##### DATA SUPPLIED

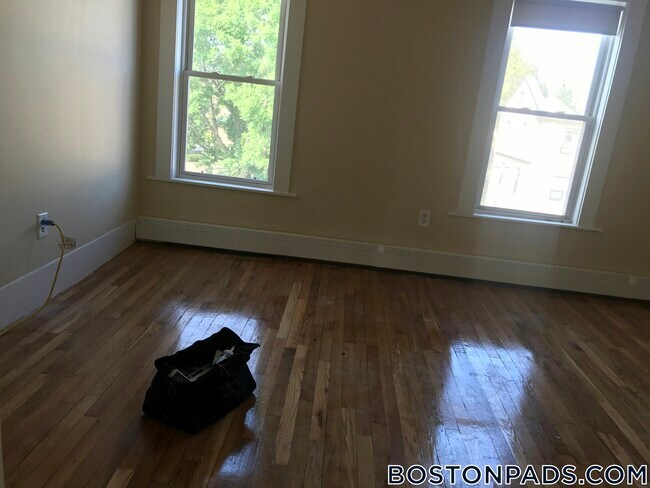 Foto del edificio - 53 W Seventh St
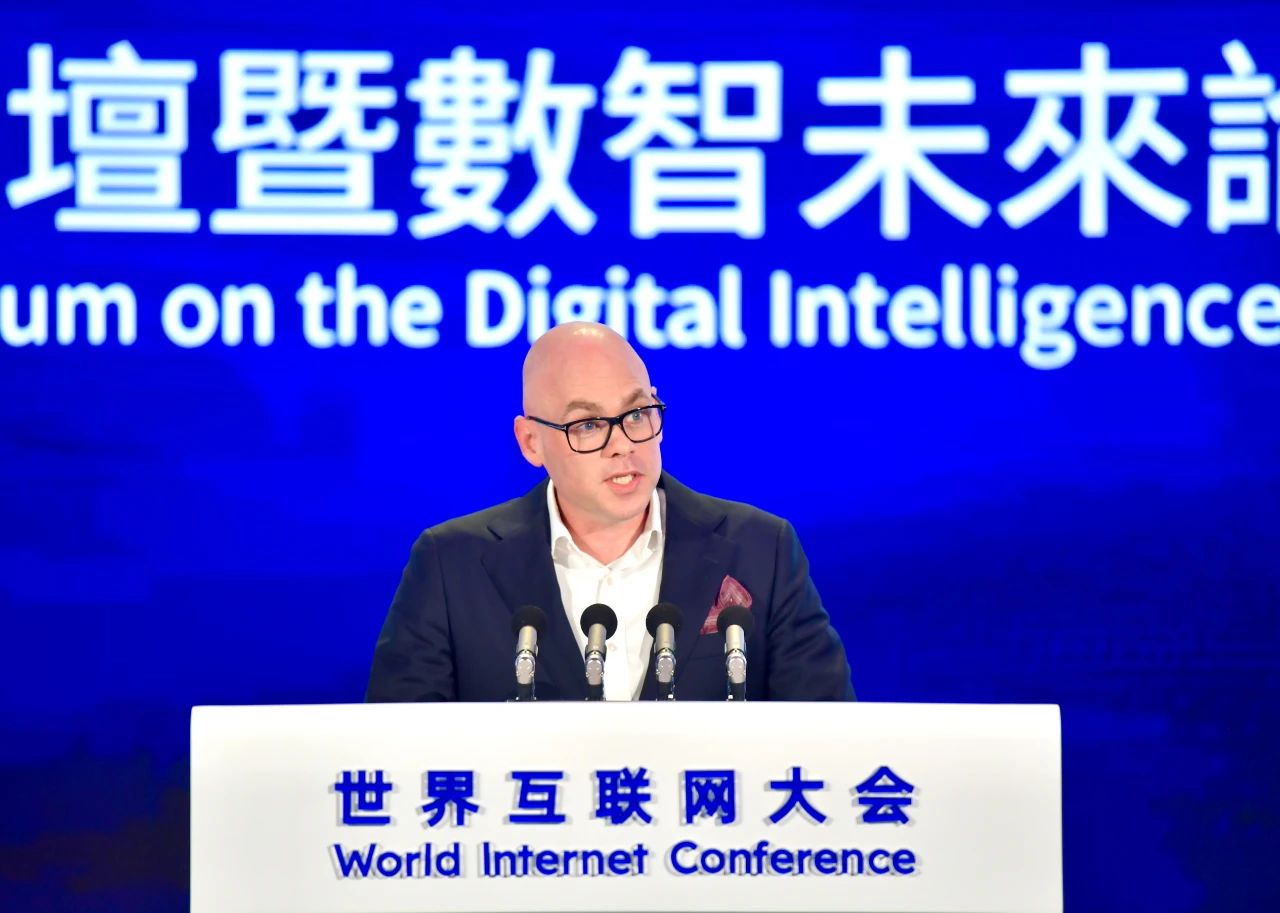 IBM汉斯·德克斯：我们正在共同塑造“数智未来”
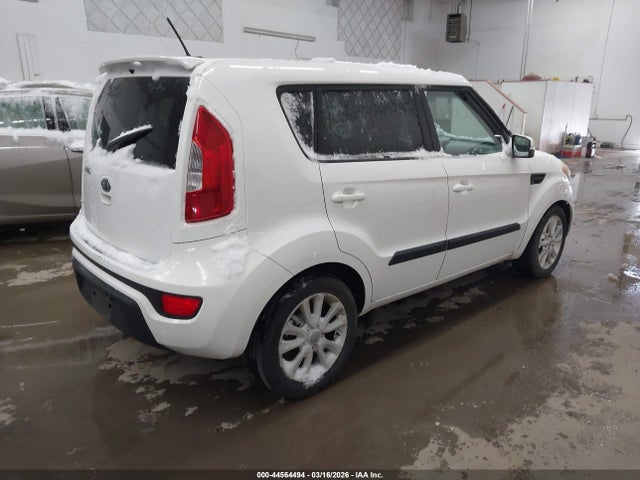 2012 KIA SOUL KNDJT2A67C7404256 Photo 3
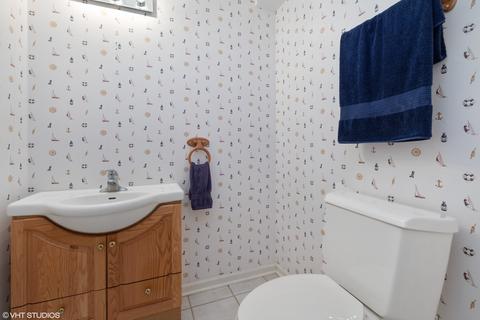 4330 Whitehall Ln, Algonquin, IL 60102 photo 12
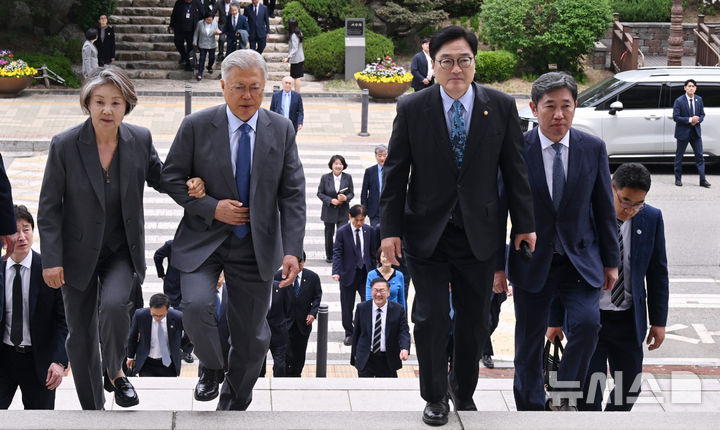 [서울=뉴시스] 고승민 기자 = 문재인 전 대통령이 27일 4.27 판문점 선언 8주년 행사차 서울 여의도 국회를 방문해 우원식 국회의장과 사랑재에서 오찬 및 기념촬영 후 참석자들과 이동하고 있다. (공동취재) 2026.04.27. photo@newsis.com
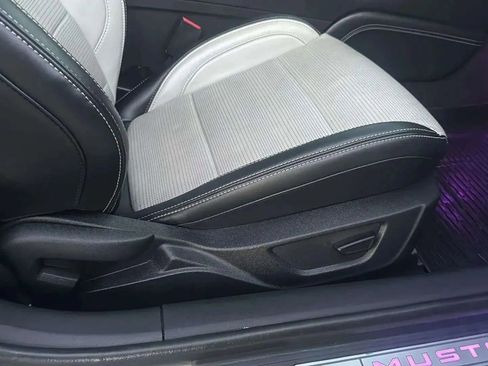 Used 2024 Ford Mustang GT Premium image 13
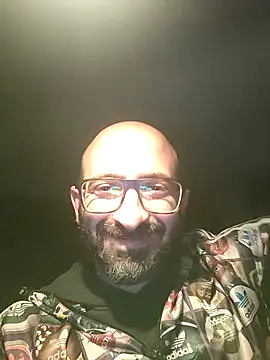 tatuatoreveneto online show from April 20, 2026, 9:49 pm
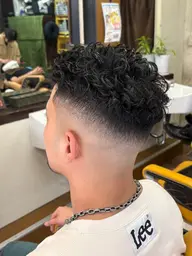 【月曜、火曜日限定】フェードカット！💈＋シャンプー＋眉カット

##########

> **WORK TASK**:
The entries are to be restated word for word, and no picture should appear in the copy.

> **COMPLETED TASK**:
 Foto del edificio - 53 W Seventh St
 IBM汉斯·德克斯：我们正在共同塑造“数智未来”
 2012 KIA SOUL KNDJT2A67C7404256 Photo 3
 4330 Whitehall Ln, Algonquin, IL 60102 photo 12
 [서울=뉴시스] 고승민 기자 = 문재인 전 대통령이 27일 4.27 판문점 선언 8주년 행사차 서울 여의도 국회를 방문해 우원식 국회의장과 사랑재에서 오찬 및 기념촬영 후 참석자들과 이동하고 있다. (공동취재) 2026.04.27. photo@newsis.com
 Used 2024 Ford Mustang GT Premium image 13
 tatuatoreveneto online show from April 20, 2026, 9:49 pm
 【月曜、火曜日限定】フェードカット！💈＋シャンプー＋眉カット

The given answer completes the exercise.